Cette directrice rejoint les objectifs de plusieurs organisations de jeunesse et d’éducation permanente, comme, entre autres, Infor-Jeunes et la CNAPD (Coordination nationale d’Action pour la Paix et la Démocratie). Même s’il est intéressant de rassembler des candidats des différentes formations politiques afin de les entendre défendre leurs programmes au scrutin proche, la sensibilisation à la citoyenneté et à la démocratie ne se cantonne en effet pas à ces périodes chaudes. Il est opportun de travailler ces problématiques à tous moments. “Le devoir de citoyenneté” est bien plus large que le droit de vote et le devoir de l’électeur.
PENSÉE CRITIQUE
À cet égard, Roberto Galluccio, ancien administrateur délégué du CEPEONS (enseignement officiel des Provinces et Communes), rappelle que l’éducation à la citoyenneté fait partie intégrante du Pacte pour un enseignement d’excellence, initié dès 2015 par la ministre Joëlle Milquet et mis en place depuis 2017. Dans l’enseignement officiel, un cours de philosophie et citoyenneté est proposé à tous les élèves depuis les classes maternelles jusqu’à la rhéto, à raison de deux périodes par semaine. Son objectif est de permettre de développer la pensée critique et la raison au sens humaniste. Ces cours théoriques se complètent de mises en situation des jeunes, de rencontres avec des acteurs de terrain, tant politiques qu’associatifs.
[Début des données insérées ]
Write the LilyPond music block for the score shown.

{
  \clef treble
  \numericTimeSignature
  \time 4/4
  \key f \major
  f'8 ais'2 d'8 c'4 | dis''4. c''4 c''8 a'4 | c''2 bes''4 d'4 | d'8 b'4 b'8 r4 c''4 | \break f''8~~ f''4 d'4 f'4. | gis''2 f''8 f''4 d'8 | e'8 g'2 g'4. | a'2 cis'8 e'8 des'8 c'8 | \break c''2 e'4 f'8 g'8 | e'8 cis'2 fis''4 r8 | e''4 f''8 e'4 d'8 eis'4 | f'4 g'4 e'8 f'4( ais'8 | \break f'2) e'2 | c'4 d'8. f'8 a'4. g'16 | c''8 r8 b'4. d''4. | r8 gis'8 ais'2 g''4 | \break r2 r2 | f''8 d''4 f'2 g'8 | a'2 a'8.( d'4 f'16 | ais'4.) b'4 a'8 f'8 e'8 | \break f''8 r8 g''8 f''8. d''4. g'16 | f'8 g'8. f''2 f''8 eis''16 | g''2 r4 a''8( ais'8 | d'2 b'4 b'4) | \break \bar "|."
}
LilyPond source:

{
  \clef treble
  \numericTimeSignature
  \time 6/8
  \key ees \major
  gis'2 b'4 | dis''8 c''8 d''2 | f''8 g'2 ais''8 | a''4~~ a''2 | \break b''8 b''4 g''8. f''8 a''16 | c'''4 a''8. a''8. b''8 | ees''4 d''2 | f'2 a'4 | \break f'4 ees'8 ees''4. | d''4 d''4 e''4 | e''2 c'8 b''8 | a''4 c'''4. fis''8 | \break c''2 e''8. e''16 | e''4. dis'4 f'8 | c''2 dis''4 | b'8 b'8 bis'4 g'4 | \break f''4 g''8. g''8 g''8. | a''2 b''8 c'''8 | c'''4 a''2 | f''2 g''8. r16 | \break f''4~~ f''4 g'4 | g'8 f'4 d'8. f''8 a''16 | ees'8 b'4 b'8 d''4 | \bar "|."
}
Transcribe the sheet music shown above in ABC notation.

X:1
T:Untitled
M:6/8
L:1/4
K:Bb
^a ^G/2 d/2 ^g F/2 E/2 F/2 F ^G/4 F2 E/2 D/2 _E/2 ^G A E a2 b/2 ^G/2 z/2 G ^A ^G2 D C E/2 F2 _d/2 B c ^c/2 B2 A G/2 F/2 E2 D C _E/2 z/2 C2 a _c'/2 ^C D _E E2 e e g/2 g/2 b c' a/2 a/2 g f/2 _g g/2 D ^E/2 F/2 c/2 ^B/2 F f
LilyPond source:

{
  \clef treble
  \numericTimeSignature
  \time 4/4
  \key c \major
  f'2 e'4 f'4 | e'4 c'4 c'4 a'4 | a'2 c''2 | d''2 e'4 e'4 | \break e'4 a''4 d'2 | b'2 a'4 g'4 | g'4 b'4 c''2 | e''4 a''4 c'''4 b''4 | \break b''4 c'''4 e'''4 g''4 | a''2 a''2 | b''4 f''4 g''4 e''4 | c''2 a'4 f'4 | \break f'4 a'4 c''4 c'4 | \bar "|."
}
L’injonction de la neutralité est martelée incessamment dès la création de ce pacte scolaire. Thibault Zaleski, enseignant détaché à la CNAPD, n’hésite pas à affirmer que cette « neutralité outrancière a aseptisé les écoles et beaucoup d’enseignants. Ce qui aboutit, en quelque sorte, à la dépolitisation de tous les acteurs éducatifs ». C’est pourquoi, la CNAPD, entre autres, coordination pluraliste d’organisation de jeunesse, met à la disposition des jeunes des outils multiples et variés « afin de nourrir une réflexion collective et plurielle pour réinventer et construire d’autres horizons politiques toujours plus proches de l’utopie démocratique ». Parmi ces outils, un coffret de huit fiches thématiques, Democra-quoi ?, permet à leurs utilisateurs de retrouver les sources de la démocratie et d’en interroger les fondements et l’histoire.
OUVRIR DES DÉBATS
Dans le cadre du projet Débagora (lire ci-dessous), des élèves de l’institut Saint-Stanislas à Etterbeek, en partenariat avec le centre Eddy Merckx de Woluwe-Saint-Pierre et deux athénées (Evere et Robert Catteau), ont pu échanger et débattre avec des acteurs de terrain autour de la réalité des problématiques de la sécurité, du logement et de l’urbanisme à Bruxelles. À l’issue de ces expériences et de prises de conscience, les élèves ont ouvert un dialogue avec les instances de leur école afin d’obtenir des organes de participation. Par ailleurs, en 2018, une poignée d’étudiants à l’université, constatant que l’intérêt pour la politique et son fonctionnement laissait à désirer, ont créé l’ASBL Civix. Son but est de leur permettre de revigorer cet intérêt en aidant les jeunes à s’informer, principalement via les réseaux sociaux. Aujourd’hui, cette ASBL rassemble plus de septante bénévoles et a déjà enregistré plus de 68 000 téléchargements.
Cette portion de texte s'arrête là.